EXTRACTED MATERIAL section start
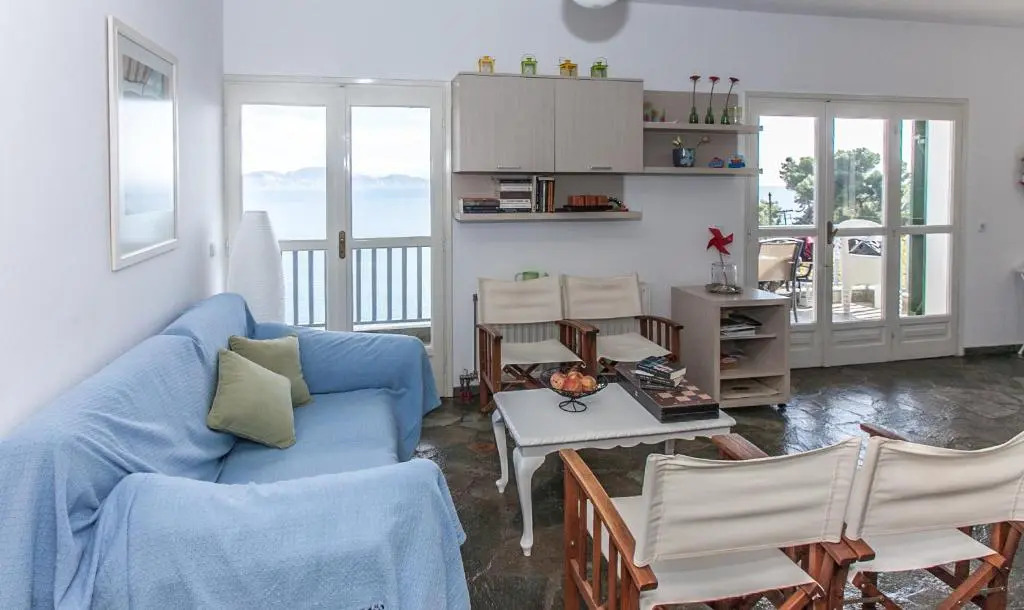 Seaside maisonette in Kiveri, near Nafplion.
EXTRACTED MATERIAL section end
EXTRACTED MATERIAL section start
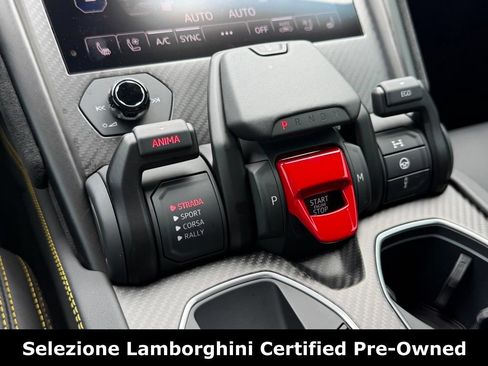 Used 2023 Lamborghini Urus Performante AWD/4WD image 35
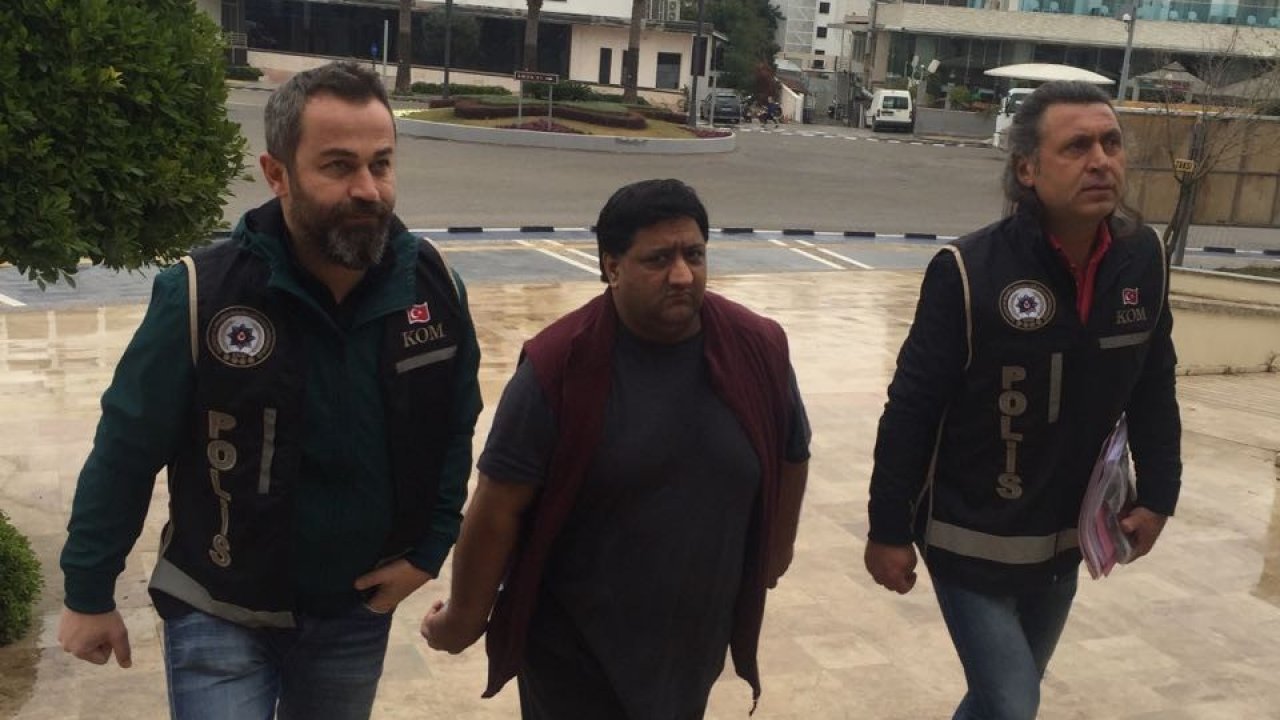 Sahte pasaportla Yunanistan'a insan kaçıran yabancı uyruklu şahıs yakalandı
EXTRACTED MATERIAL section end
EXTRACTED MATERIAL section start
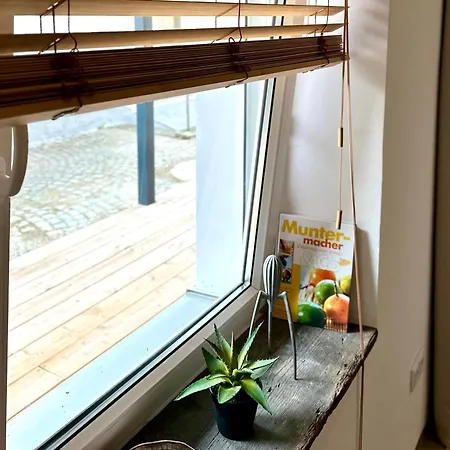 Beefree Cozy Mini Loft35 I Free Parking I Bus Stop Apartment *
EXTRACTED MATERIAL section end
Starting at the line above that holds "Used 2023 Lamborghini", repeat every line exactly down to and including the line that holds "Sahte pasaportla Yunanistan'a", then stop. Do not carry over any pictures.

● **EXERCISE RESULT**:
 Used 2023 Lamborghini Urus Performante AWD/4WD image 35
 Sahte pasaportla Yunanistan'a insan kaçıran yabancı uyruklu şahıs yakalandı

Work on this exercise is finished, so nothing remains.